Hace unas semanas estuve en Cuenca y visité el taller del arquitecto Guido Álvarez, renombrado acuarelista cuencano. Mi deseo era adquirir una obra suya, una de esas magníficas acuarelas que él pinta y en las que puede verse algún aspecto del paisaje urbano de la ciudad.
De un clóset repleto de cuadros Álvarez extrajo algunos de ellos. Todos representaban un detalle, un rincón, un momento pasajero de la vida de la ciudad, el volátil juego de luces y sombras resbalando por las fachadas de aquellos edificios que han pasado a ser parte de su historia y de su imagen: la vieja Catedral con sus modestas proporciones provincianas; la recoleta y apacible plazoleta de las flores, el monasterio del Carmen y sus altos muros coloniales; las airosas cúpulas de la Catedral Nueva.

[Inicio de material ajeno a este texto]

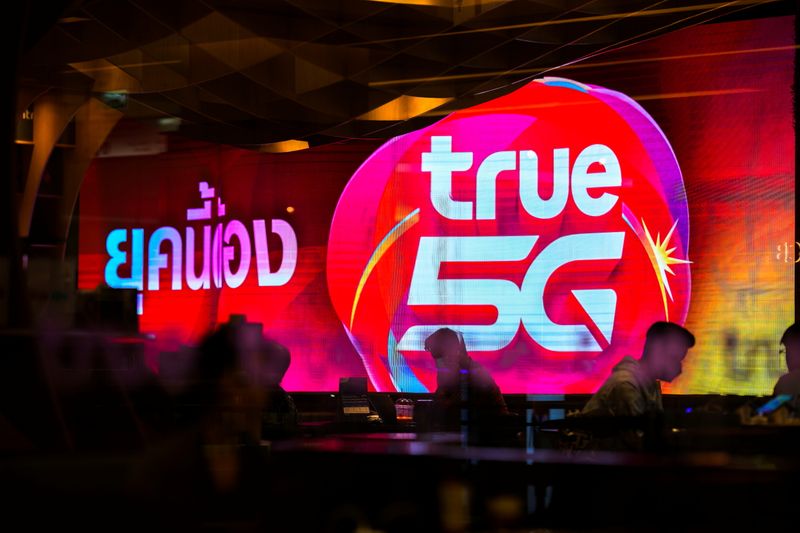 © Reuters. People are silhouetted in front of an electronic screen showing logo of the True Corp. at a department store in Bangkok, Thailand, November 22, 2021. REUTERS/Athit Perawongmetha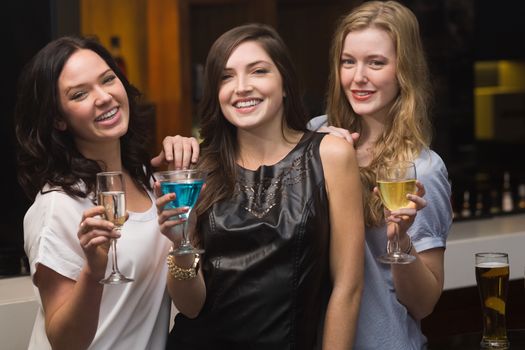 Pretty friends having a drink together at the bar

¿Cuál de esas estupendas acuarelas escoger? Difícil decisión.
Y el derroche de buen gusto del artista que ufano exhibía su obra no paraba; más cuadros, más pinturas desplegaba ante mis ojos asombrados: Calles mojadas por la lluvia, parques que sugieren cierto clima y transparencia, puentes y escalinatas que acunan la sombra, algún rincón de Todos los Santos, la solitaria calle de las panaderías, los ríos y sus riberas arboladas llenas de luz, color y movimiento, el Puente Roto, la altiva espadaña de la Concepción, el barranco del Tomebamba de cuyos bordes se agarran tercamente esas añosas casitas que hacen gala de un equilibrio inverosímil. Apacibles rincones de la ciudad provinciana, de aquella ciudad letrada que antaño coronaba a sus poetas, hoy urbe pujante de medio millón de habitantes que no ha olvidado su identidad y su destino: el culto al arte y a las bellas letras y el deseo de reverdecer marchitos laureles.
Y así el artista va descubriendo lo singular y lo secreto de ciertos rincones de la ciudad histórica, detalles que, quizás, pasan desapercibidos para el apresurado viandante y que, sin embargo, Guido Álvarez, arquitecto de profesión mas artista de vocación, los pone en evidencia, los contempla y representa con amor y poesía. Pintar la transparencia del aire, capturar la liviandad de un clima será siempre el gran logro al que aspira todo acuarelista. Dominar la técnica de la pintura al agua es jugar con el azar, la acuarela surge desde el principio, no permite correcciones, no conoce una segunda oportunidad.
No hay duda, en sus acuarelas Guido Álvarez ha logrado captar la nostalgia del cuencano que no puede renunciar a su pasado, a lo que es y lo define; la nostalgia del hijo pródigo que por azares de la vida debió alejarse un tiempo de su tierra. Aquella visión enamorada de la patria chica, ilusión que nunca llegó a desvanecerse, bien puede recuperarla el cuencano ausente contemplando una representación poética de ella como la que nos ofrecen las bellas acuarelas de este artista.